The lines to extract begin at the line that contains "Abstract trend seamless" and run through the last line of the listing; reproduce them exactly, minus any pictures.

== SOURCE MATERIAL ==
+ + + + +

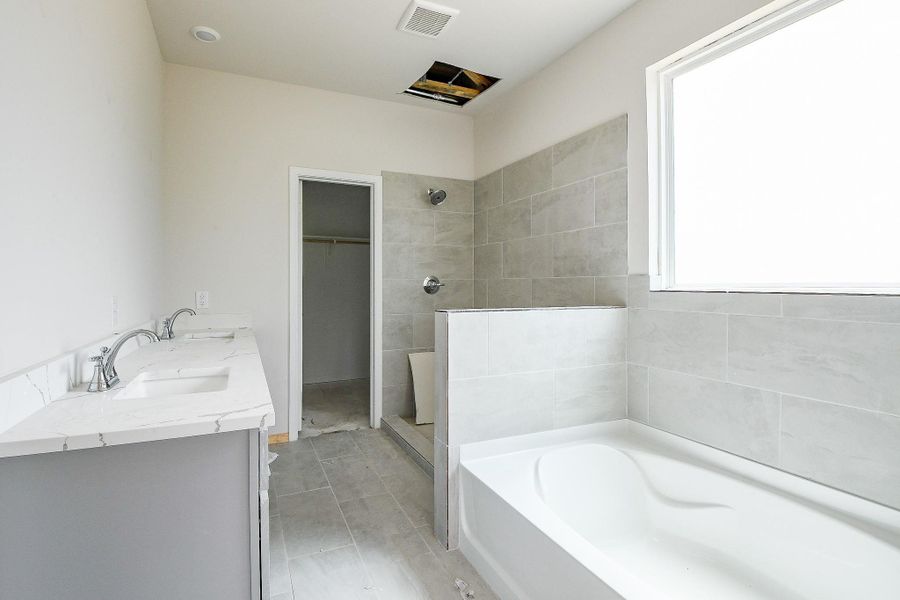 The expansive soaking tub and separate shower has a gorgeous tile wall. The expansive soaking tub and separate shower has a gorgeous tile wall.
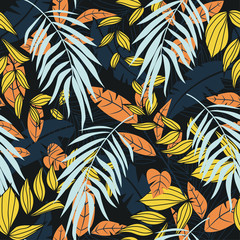 Abstract trend seamless pattern with colorful tropical leaves and plants on black background. Vector design. Jungle print. Floral background. Printing and textiles. Exotic tropics. Summer.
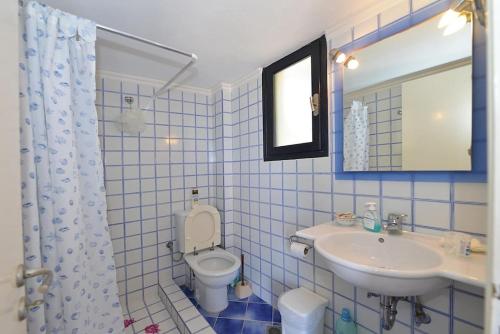 a blue tiled bathroom with a toilet and a sink at Icarus home in Kouniádhoi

+ + + + +

== ANSWER TO THIS EXERCISE ==
 Abstract trend seamless pattern with colorful tropical leaves and plants on black background. Vector design. Jungle print. Floral background. Printing and textiles. Exotic tropics. Summer.
 a blue tiled bathroom with a toilet and a sink at Icarus home in Kouniádhoi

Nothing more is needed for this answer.